= Saint Lucia dollar =

The history of currency in the British colony of Saint Lucia closely follows that of the British Eastern Caribbean territories in general. Even though Queen Anne's proclamation of 1704 brought the gold standard to the West Indies, silver pieces of eight (Spanish dollars and later Mexican dollars) continued to form a major portion of the circulating currency right into the latter half of the nineteenth century.

Britain adopted the gold standard in 1821 and an imperial order-in-council of 1838 resulted in Saint Lucia formally adopting the British sterling coinage in the year 1851. However, despite the circulation of British coins in St. Lucia, the silver pieces of eight continued to circulate alongside them and the private sector continued to use dollar accounts for reckoning. The international silver crisis of 1873 signalled the end of the silver dollar era in the West Indies, and silver dollars were demonetized in St. Lucia in 1882. This left a state of affairs, in which the British coinage circulated, being reckoned in dollar accounts at an automatic conversion rate of 1 dollar = 4 shillings 2 pence.

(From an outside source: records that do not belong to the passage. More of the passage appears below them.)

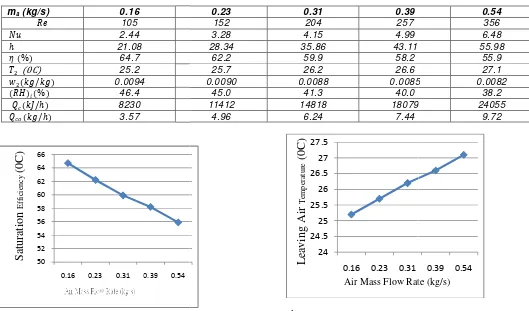 Figure 4. Leaving air temperature versus AirLeaving air temperature versus Air mass flow 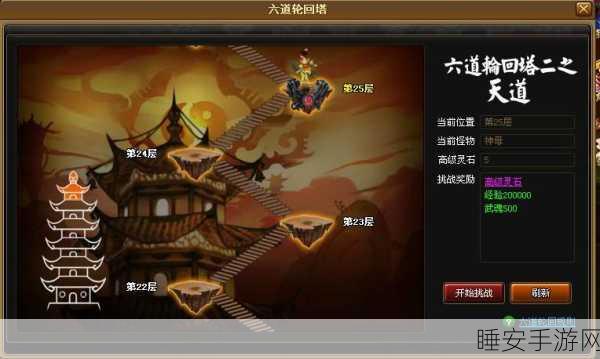 突破战力极限!揭秘神仙道六道地狱道一层通关攻略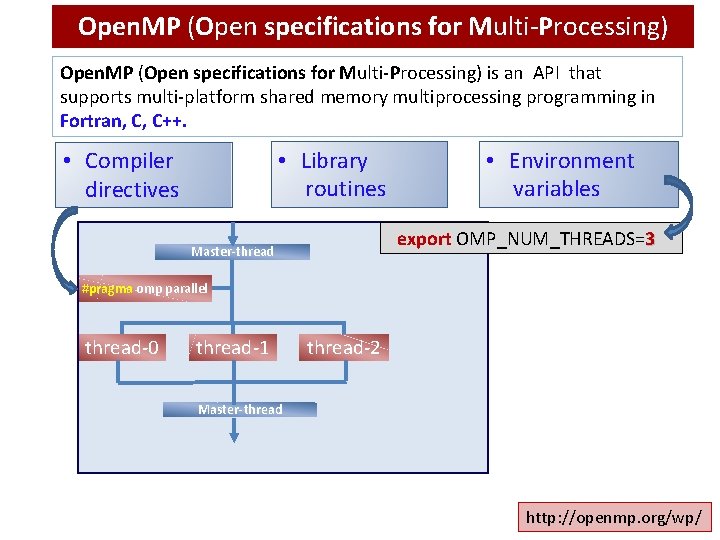 Open. MP (Open specifications for Multi-Processing) is an API that supports multi-platform shared memory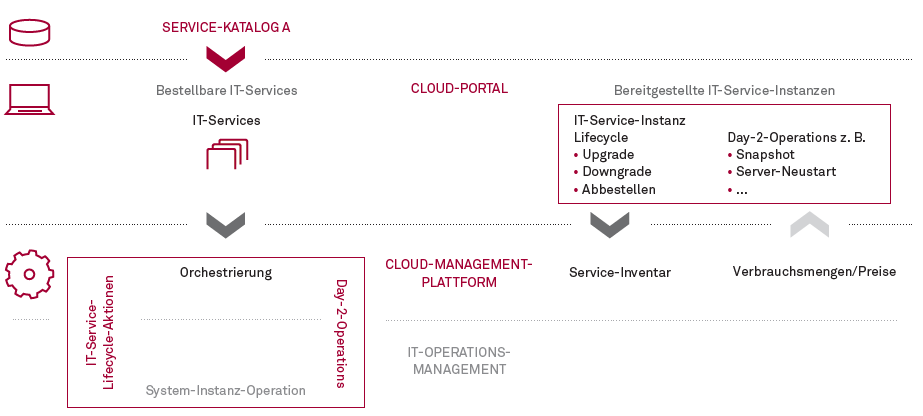 Bestellungen und Verwaltung von IT-​Services über ein Cloud Portal Abbiödung 3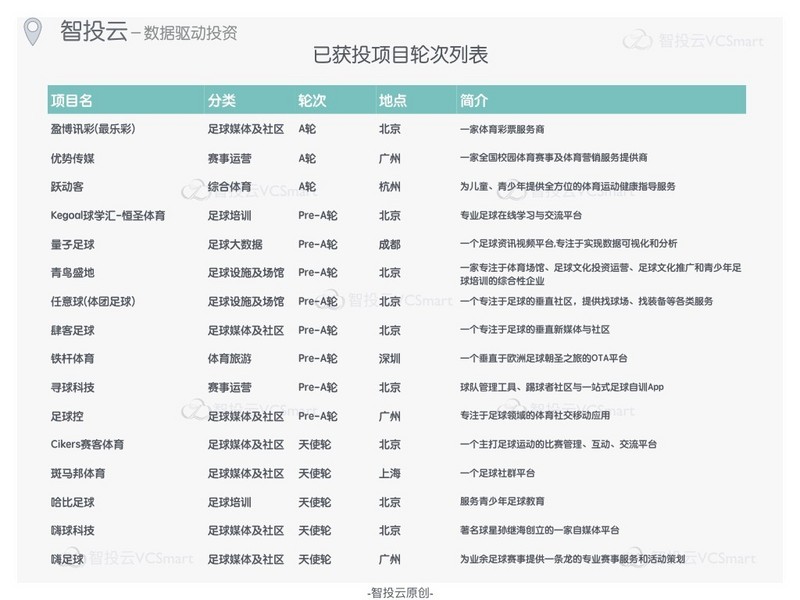 国足赢球延续希望,国足赢球还能进球吗
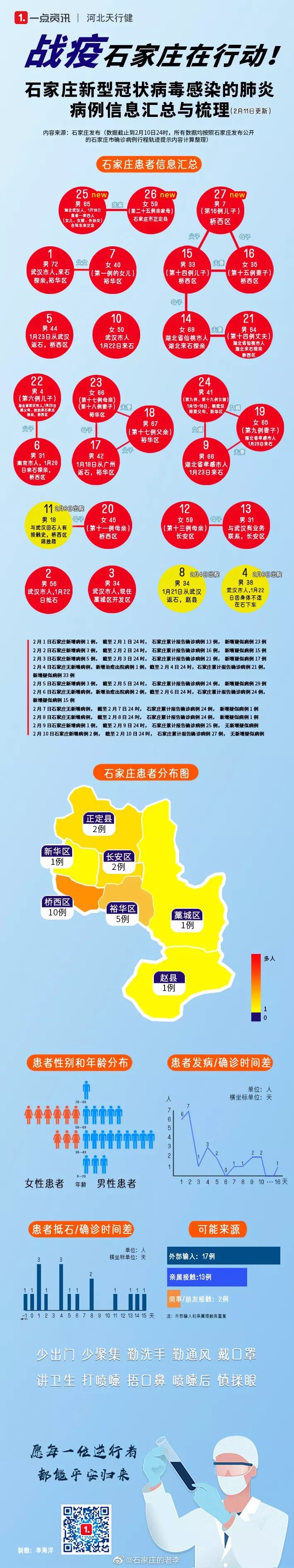 河北石家庄最近疫情/河北石家庄最近疫情最新消息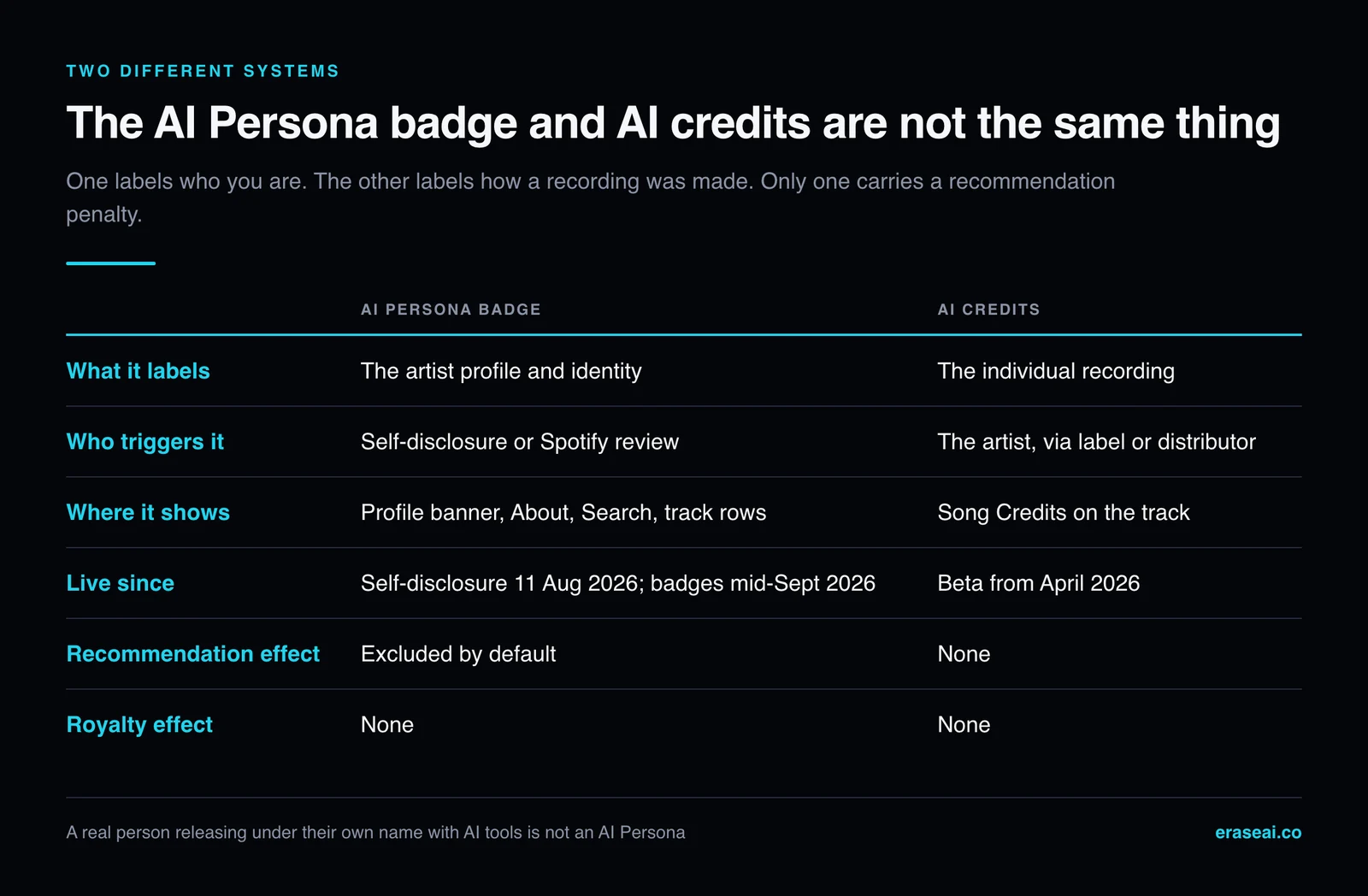 Comparison table of the Spotify AI Persona badge against AI credits: the badge labels the artist profile and identity and excludes it from recommendations by default, while AI credits label the individual recording, are triggered by the artist through a label or distributor, and carry no recommendation effect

From 1949, with the introduction of the British West Indies dollar, the currency of St. Lucia became officially tied up with that of the British Eastern Caribbean territories in general. The British sterling coinage was eventually replaced by a new decimal coinage in 1955, with the new cent being equal to one half of the old penny.

==History==
From 1851, the British pound circulated on Saint Lucia, replacing the Saint Lucia livre. Sometime after 1882, private banknotes, denominated in dollars, began to be issued on the island. From 1920, some of these notes also bore the value in sterling, with 1 dollar = 4 shillings 2 pence. During this period, no subdivision of the dollar was issued and British coins continued to circulate. The government of Saint Lucia also issued paper money in 1920, denominated in sterling.

In 1935, the British West Indies dollar was established, equal in value to the earlier Saint Lucia dollar and other similar issues elsewhere in the British West Indies. The last distinct issues of banknotes were made for Saint Lucia in 1940. Since 1965, the East Caribbean States dollar has circulated.

==Banknotes==
Three banks, the Royal Bank of Canada, the Colonial Bank and Barclays Bank, all issued 5 dollars notes. The Royal Bank of Canada issued notes in 1920, whilst the Colonial Bank issued notes until 1926 and Barclays Bank (which took over the Colonial Bank) issued notes between 1926 and 1940.